The Chief Judge's Administrative Order therefore proscribes what Chapter 790 explicitly allows. The Order plainly prevents the State Attorney, assistant state attorneys, and investigators (State Attorney Staff) from carrying "firearms into a judge's chambers, court administration offices, courtrooms or hearing rooms housed in the same building as their office." As explained above, state attorneys, assistant state attorneys, and investigators are "law enforcement officers" who, under section 790.051, are exempt from Chapter 790's licensing and penal provisions when acting at any time within the scope or course of their official duties or when acting at any time in the line of or performance of duty. Accordingly, the Chief Judge's Administrative Order conflicts with and contravenes Florida law on whether state attorneys, assistant state attorneys, and investigators can carry firearms into a courtroom—not to mention the other court facility locations identified in the Chief Judge's Order.

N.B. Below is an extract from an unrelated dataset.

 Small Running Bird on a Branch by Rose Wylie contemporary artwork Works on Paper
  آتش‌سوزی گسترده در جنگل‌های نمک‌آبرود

While true that the judiciary as a co-equal branch of government possesses "inherent power to do all things that are reasonably necessary for the administration of justice within the scope of its jurisdiction," that power is limited by "valid existing laws and constitutional provisions." The judiciary's inherent power unquestionably includes "the power to issue an administrative order directing the security of court facilities," Knight v. Chief Judge of Fla.'s Twelfth Jud. Cir., 235 So. 3d 996, 999 (Fla. 2d DCA 2017), but the Supreme Court of the United States has explained that "the exercise of an inherent power cannot be contrary to any express grant of or limitation on the ... court's power contained in a rule or statute." And in Florida, "[i]f a chief judge issues an administrative order which attempts to amend a statute or rule by adding terms and conditions, that administrative order is invalid because it … exceeds the authority granted under Florida Rule of Judicial Administration 2.215(b)." As explained above, the Chief Judge's Administrative Order runs headlong into Chapter 790's contrary provisions. And no other statute, rule, or authority cited in the Order authorizes the Chief Judge's exacting firearm regulation scheme for the State Attorney, assistant state attorneys, and their investigators.
Conclusion
Here, the Chief Judge's Administrative Order clearly conflicts with and attempts to amend Florida law. It prohibits the State Attorney, assistant state attorneys, and investigators from doing what Florida law unequivocally authorizes them to do. They may, per statute, carry firearms when performing official duties. And while section 790.06(12) contemplates a Chief Judge's ability to regulate the carrying of firearms in courthouses and courtrooms, the State Attorney, assistant state attorneys, and investigators plainly fall outside that statute's permissible regulatory sweep. Accordingly, because the Chief Judge's Administrative Order conflicts with and attempts to amend Florida law, the Order cannot lawfully prohibit the State Attorney, assistant state attorneys, and their investigators from carrying firearms in the Twelfth Circuit's courtrooms.